I just got back from a week-long backpacking trip in the High Sierras, and what I saw shocked me.
It’s impossible to escape news that California is in the midst of a terrible drought, but it took spending five days in the backcountry of Inyo National Forest and Kings Canyon National Park to give me perspective on just how dire the water situation in our state really is. Creeks and rivers that should be raging are barely ankle deep. Peak summits that should be encased in snow and ice are exposed and dry. As soon as I got home, I downloaded photos from the trip, and started looking online for photos from previous years.
Below are two photos – I took the one on top two weeks ago looking West from the shore of Summit Lake in Humphrey’s Basin, at an elevation of roughly 11,000 feet. The one below was taken by a fellow backpacker almost exactly 4 years earlier, on July 6th of 2010, a nearly perfect “average” snow year based on data from the Department of Water Resources. The contrast is indeed stark.
So we know there’s a drought, and we can see the difference in charts and graphs that show snowpack and river flows. But living in urban communities there’s a gap between what we know, and our behavior. After all, the water still comes out of our faucets just as fast, and the price we pay for residential water has barely nudged, leaving both our perceptions and our pocketbooks intact. Without additional action, there is little beyond personal responsibility to motivate people to conserve.
Earlier this week, the State Water Resources Control Board approved stiff new fines for conservation scofflaws. Californian’s caught wasting water – hosing down sidewalks instead of using a broom, over-watering landscaping – may now be subject to a $500 per day fine. But as we’ve seen with other environmental issues like Save The Bay’s efforts to enforce outdoor smoking bans, regulation means little without consistent enforcement.

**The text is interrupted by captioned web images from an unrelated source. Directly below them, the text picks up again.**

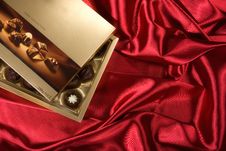 Chocolates Box On Red Satin Stock Photo Chocolates Box On Red Satin Stock Photo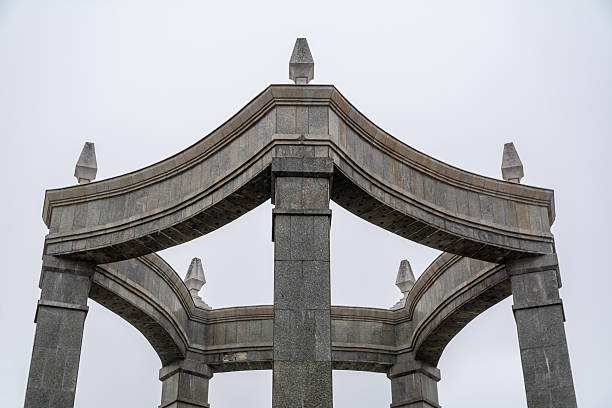 Low Angle View Of A Granite Monument Structure With Curved Beams And Central Column Against Overcast Sky, Strong Geometric Architecture For Heritage And Design Themes.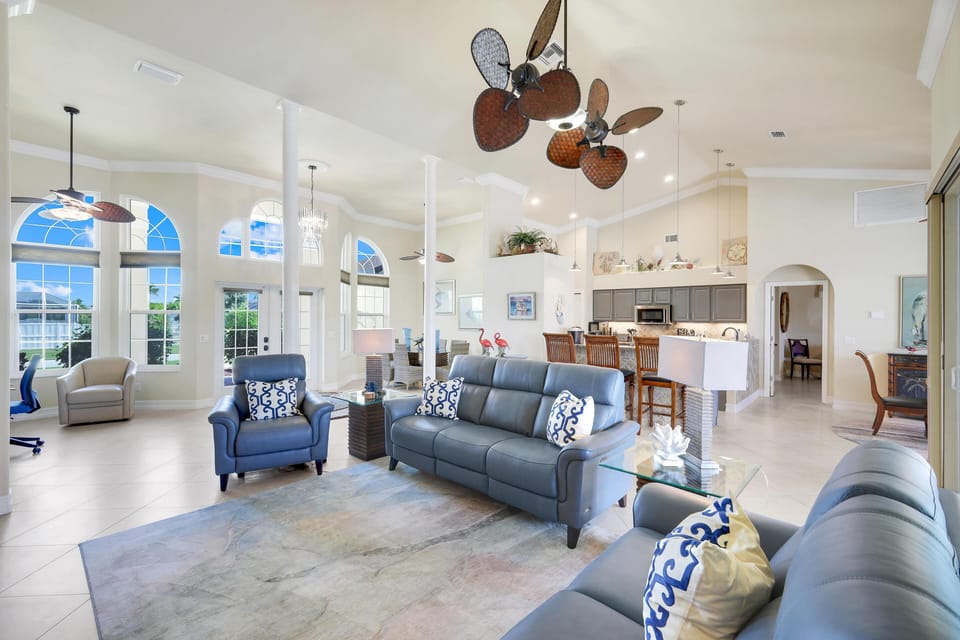 Spacious living room with abundant natural light and elegant decor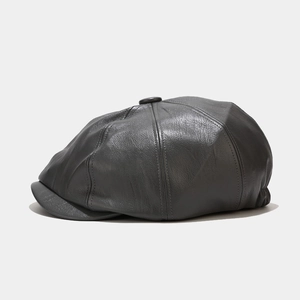 Detail view of dark grey leather newsboy cap showing texture and stitching on white background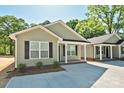 Charming home exterior showcasing green siding, black shutters, and a well-maintained yard at 2502-2504 Glendale Ave, Kannapolis, NC 28081
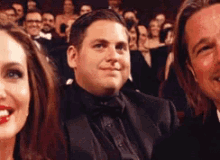 a man in a tuxedo and bow tie is sitting next to a woman and a man in a suit .
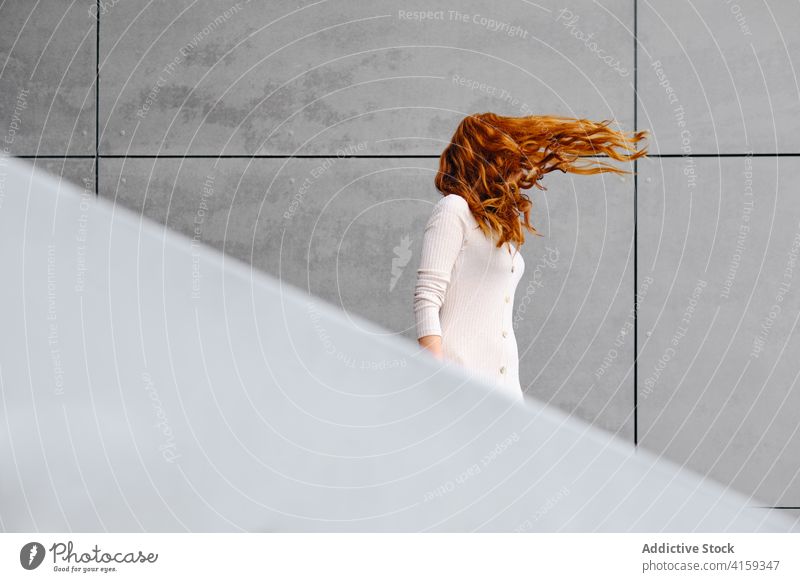 Ginger woman with flying hair standing near wall redhead ginger wind urban style long hair modern female red hair trendy color mystery contemporary elegant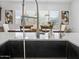 Kitchen island sink featuring stainless steel faucet and views of dining area at 5457 S Benton --, Mesa, AZ 85212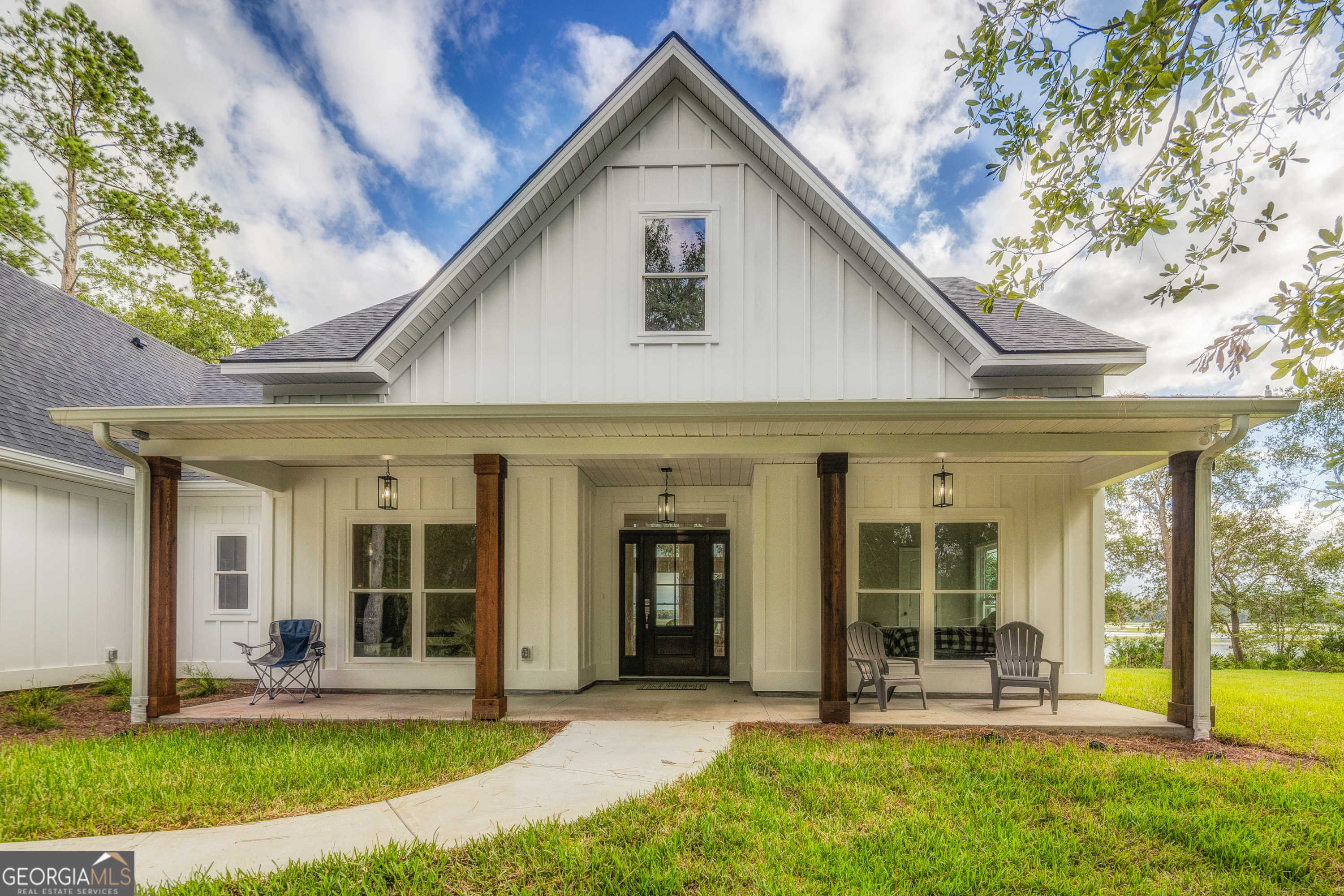87 Lighthouse Way Woodbine, GA 31569 - Photo 14 of 116 a view of a house with yard and front view of a house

While it remains to be seen whether the recent emergency drought declaration by Governor Brown, or the State Water Board’s approval of fines will change behavior, there are still significant gaps in how we manage water in California. Statewide management of groundwater resources continues to lag behind other western states (although an interesting new court ruling may change that). And the Bay Delta region continues to be one of the longest standing bureaucratic and political messes in the state.
As the adage oft attributed to Mark Twain goes, “Whiskey is for drinking, and water is for fighting over.”